A design goal of the original BNC project was that it should not be delivered in a format which was proprietary or which required the use of any particular piece of software. This, together with the desire to conform to emerging international standards, was a key factor in determining the choice of SGML as the vehicle for the corpus interchange format. Six years after this decision, SGML is still a widely used international standard format for which many public domain and commercial utilities exist. Indeed, in the shape of XML, which is a simplified version of the original standard, SGML now dominates development of the world wide web, and hence of most sectors of the information processing community. New XML software appears almost every week, and it has been adopted by current `major players' from Sun and IBM to Microsoft.

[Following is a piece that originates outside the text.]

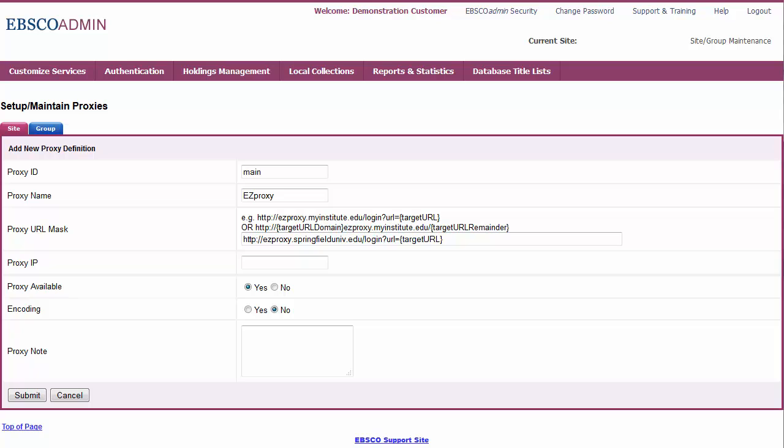In the Proxy IP field, enter the IP address of the proxy server. In the Proxy Available field, select whether you want a flag indicating the proxy server is currently available. In the Encoding field, indicate whether encoding is needed for the proxy. Defaults to No.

That said, it must be recognised that the requirements of corpus linguists and others wishing to make use of the BNC are often rather specialist, and therefore unlikely to be supported by mainstream commercially produced software. For this and other reasons, the research user of the BNC should expect to have to do some programming. This is another reason behind the choice of SGML or XML as a vehicle for the system: because of the wide take up of these formalisms, there exist many utility libraries and generic programming interfaces which greatly simplify such processes as extracting the tags from a file, selecting portions of the text according to its logical structure, picking out files with certain attributes by searching their headers, and so on.

BNC-baby uses XML in a simple and straightforward way described in the rest of this manual; simple programs can be readily written using standard UNIX utilities such as grep or perl to access the corpus just as plain text files. More reliably, programs can be written to application programming interfaces (APIs) such as the W3C's Document Object Model (DOM) or the Simple API for XML (SAX), using application libraries developed for almost every modern programming language (C, Perl, Python, tcl etc.). Information about such resources is not provided here, but is readily found on the World Wide Web: currently, one good place to start looking is www.xml.com.

When the BNC was first published, the top of the range personal computer might have as much as 50 or even 100 megabytes of disk storage and 8 Mb of RAM. At the time of writing, 20 or 30 gigabyte hard disks and 128 Mb of RAM are commonplace on entry level machines. It is thus quite likely that software capable of efficiently handling the 1.5 gigabytes of text which make up the BNC will also soon become commonplace. For the moment, however, it has to be recognized that general purpose tools for SGML and XML do not always cope very well with the large size of the whole corpus, although they can still be very useful for processing subsets extracted from it. To handle the whole of the corpus, special purpose indexing software will usually be necessary. Although such systems exist, they are often expensive or difficult to implement. For that reason, the BNC Project also developed its own low-cost alternative, the SARA package, which is documented separately. It should be emphasized however that use of the BNC is not synonymous with use of SARA. Most generic tools developed for corpus linguistics and NLP can be used with the BNC, although the tools may be vary in the extent to which they can make use of the markup in the corpus.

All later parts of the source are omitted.